I have never had a problem trimming the nails on any of my dogs till I got Kris. She is two and a half years old and it is still a problem clipping her nails even though I have been working on it since she was a puppy. I thought I had it licked when I just stood her and picked up her feet like you do a horse and clipped her nails. Now she has started to flop down on the ground and won't get up and I definitely cannot do them while she is lying down. I did buy a dremel but so far have not had any better luck trying to use it. I am going to go out and buy a new set of nail clippers today as I am wondering if mine are getting a little dull and maybe pinching her nails more and see if that helps. She has black nails and they grow really fast. She has never been quicked or hurt in any way having them cut.


----------



## SamiSaysRawr (May 26, 2012)

I do Rosie's while I'm feeding her so she is distracted with eating. Since she's terrified of nail clippers I use a grinder. (my fault, I cut the quick :/, then brought her to the vet _who did the same thing_. Apparently she has really long quicks. )

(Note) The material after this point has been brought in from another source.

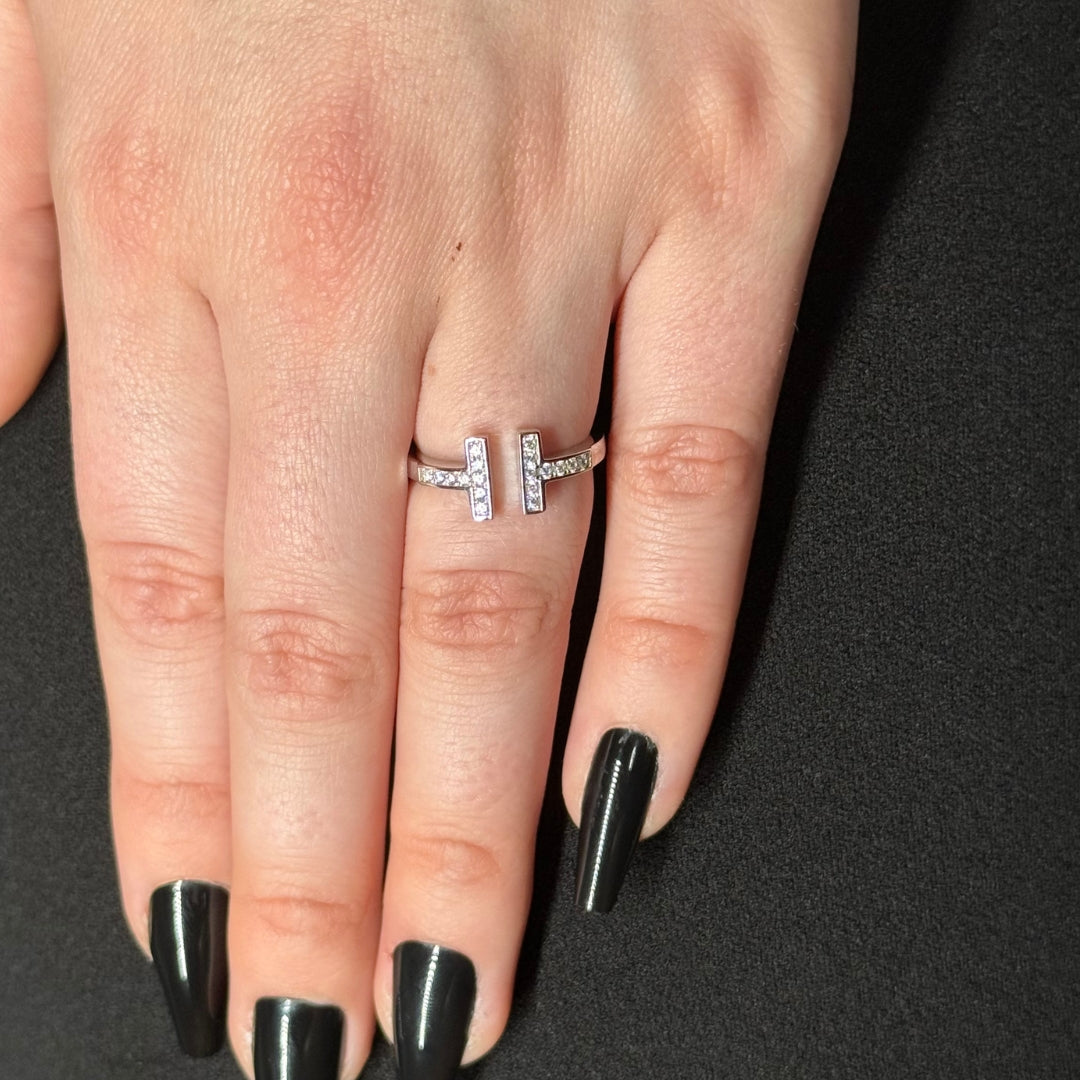 Silver Zircon T Ring Rhodium Plated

Bran lies upside down on my knee to get them done without a care in the world. I use nail clippers for him because he doesn't really like the noise and feel of the grinder.


----------



## kadylady (Sep 23, 2010)

Zoey is my pain for nails. She hates having her feet handled. Ever since I got her at 5 months old, and even more now since she fractured her toe, she is worse about having her feet handled. Her nails are very thick and hard and even when I just barely clip the tips she still flinches each and every time. I usually clip the tips then dremel, but its a very unpleasant process for us both.

The other 2 are both really good, for both dremel and clippers. Luke loves nail clipping time, he's a total breeze. Skye is getting better and better and each time. I do the same with them, clip and then dremel.


----------



## jade5280 (Feb 20, 2013)

Ryker doesn't mind having his feet handled because I worked a ton on counter conditioning him to it to get him to accept nail clipping easier, but as soon as I start to clip it's all over. Gypsy doesn't care at all what I do her. She's SO easy in the aspect.


----------



## pawsaddict (Apr 17, 2013)

jade5280 said:


> Ryker doesn't mind having his feet handled because I worked a ton on counter conditioning him to it to get him to accept nail clipping easier, but as soon as I start to clip it's all over. Gypsy doesn't care at all what I do her. She's SO easy in the aspect.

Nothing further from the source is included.